Written by: Danny Vier
Average Height: 5-7 inches
Average Weight: approx. 3 ounces
Suggested amount to use in your recipe: 1 cup, finely chopped
Average grow time required in your garden: 40 – 50 days
Knowledge of common salsa ingredients is crucial if you want to create your own authentic recipe. Cilantro is an extremely common ingredient, and with good reason. Cilantro has a very fresh taste and works well to balance spicy ingredients. It can be grown all over the world and is not just a favorite in Mexican cuisine.
Fresh cilantro is made up of small leaves and in correct volumes is a perfect addition in a recipe for salsa. Coriandrum Sativum is the scientific name for coriander, and cilantro is the name given to the coriander leaves. Coriander comes from the apiaceae family of herbs. The plant is so common that it is difficult to say exactly which regions it is native to. Typical areas for finding cilantro include southern Europe and southwestern Asia, though it can be grown anywhere with plenty of sunlight and low humidity.
If you plan on growing your own cilantro, make sure that you live in an area with dry summers as it can be very difficult to grow coriander in humid areas. The best time to plant coriander is between spring and fall. It is a very fast growing plant and only takes about six weeks to develop into a harvest-able ingredient. With regular watering, the plant will grow to the desired height of around six inches and will be ready to harvest. Again, keep in mind that cilantro does require an amble amount of sunlight as mentioned above, optimal exposure is best when arranging your garden layout for this ingredient.
Whether you have prepared your own cilantro in your home garden or picked some up at your local grocer, let’s talk a bit about how to prepare your ingredient for cooking. The first step when preparing any ingredient is to wash it. It doesn’t take much, all you have to do is rinse the plant in water and lay it out on some paper towels. Place a layer of paper towels on top for more effective drying. Once the plant is dry enough, you can remove the leaves from the stems using your very own hands. The leaves, as they are, can be used as a garnish, but chopping them up into fine bits makes them a great ingredient in a recipe for salsa.
Salsa is not the only use for coriander, and lucky for us, every part of the plant is edible. If you have removed the leaves, you don’t need to throw away the stems, they can be chopped up and used in many other recipes!
Cilantro is a staple in Mexican cooking and is used extensively in salsa recipes. The greatest part about cilantro is its uniquely fresh taste. The reason it shows up in so many Mexican dishes is due to its complimentary nature with a variety of peppers, especially the chipotle.

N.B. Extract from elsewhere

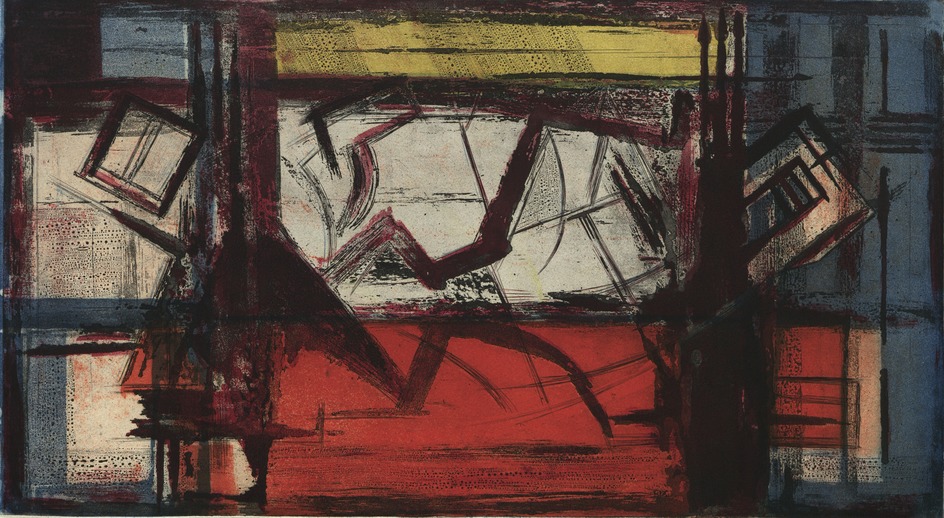 Horizontal Composition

It is the fresh green taste that best counters the heat of those other ingredients. Fresh cilantro is preferred, but it can also be found as a dry seasoning at a local spice shop. Not everyone enjoys cilantro on its own, but put it in salsa and they will learn to love it. So start experimenting with cilantro, figure out a way to make it your own and you will be that much closer to becoming a salsa expert!